If a fluid is being absorbed in concrete, the effective porosity is smaller than the available porosity. The greater the surface tension of the fluid, the greater the measured effective porosity. This can be explained by trapped air inside the pores, which cannot get out and is being compressed by the capillary pressure, either in dead-end pores or due to fingering of the penetrating fluid. Experimental results on sequential absorption of two different fluids in concrete can only be explained if a trapped pore volume is assumed.
Résumé
L'absorption des fluides dans le béton est influencée par divers paramètres tels la tension superficielle et la viscosité dynamique du fluide, ainsi que la porosité, la répartition du diamètre des pores et l'interconnexion des pores dans le béton. Des réactions chimiques entre le fluide qui pénètre et le béton peuvent se produire et modifier le comportement d'absorption. Ces réactions chimiques peuvent créer des écarts de la relation racine-carrée-du-temps et une réduction de la sorptivité. Les deux effets sont observés lorsqu'on utilise de l'eau ou de l'éthylène glycol comme fluides d'essai. L'écart de la relation racine-carrée-du-temps résulte de la dissolution par le fluide absorbée du Ca(OH)2 de la matrice du béton. Dans le cas de l'eau, la réduction de la sorptivité résulte de la réhydratation ou de la dilatation d'humidification.

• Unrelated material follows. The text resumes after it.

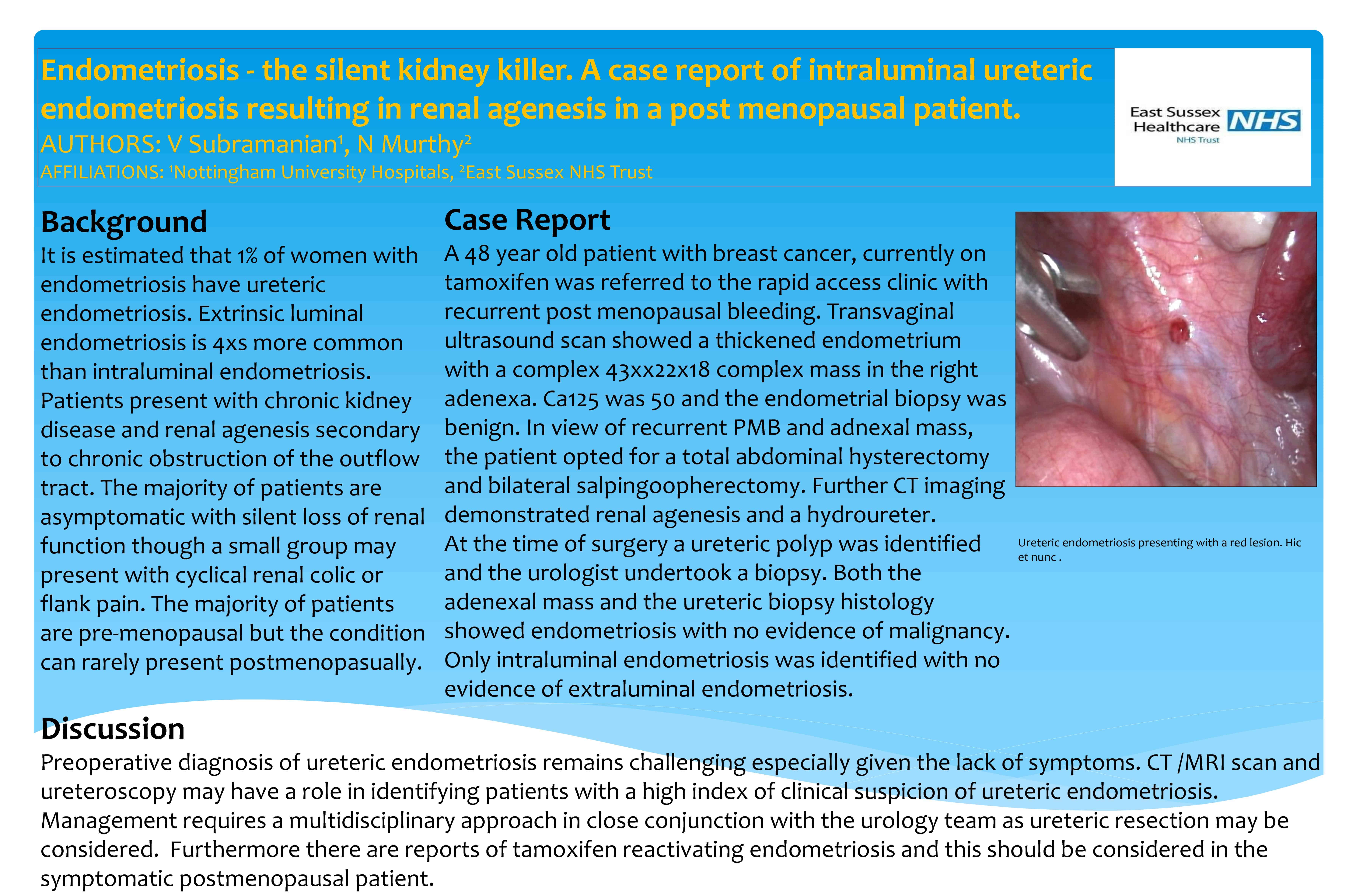 Endometriosis – the silent kidney killer. A case report of intraluminal ureteric endometriosis resulting in renal agenesis in a post menopausal patient.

Si un fluide est absorbé dans le béton, la porosité effective est moindre que la porosité disponible. Plus grande sera la tension superficielle du fluide, plus grande sera la porosité effective mesurée. Ceci peut s'expliquer par l'air piégé dans les pores, qui ne peut pas s'échapper et qui est comprimé par la tension capillaire, soit dans des pores «cul-de-sac» ou en raison d'une digitation lors de la pénétration du fluide. Des résultats expérimentaux concernant l'absorption séquentielle de deux fluides différents dans le béton ne peuvent être expliqués que si l'on suppose un volume des pores piégés.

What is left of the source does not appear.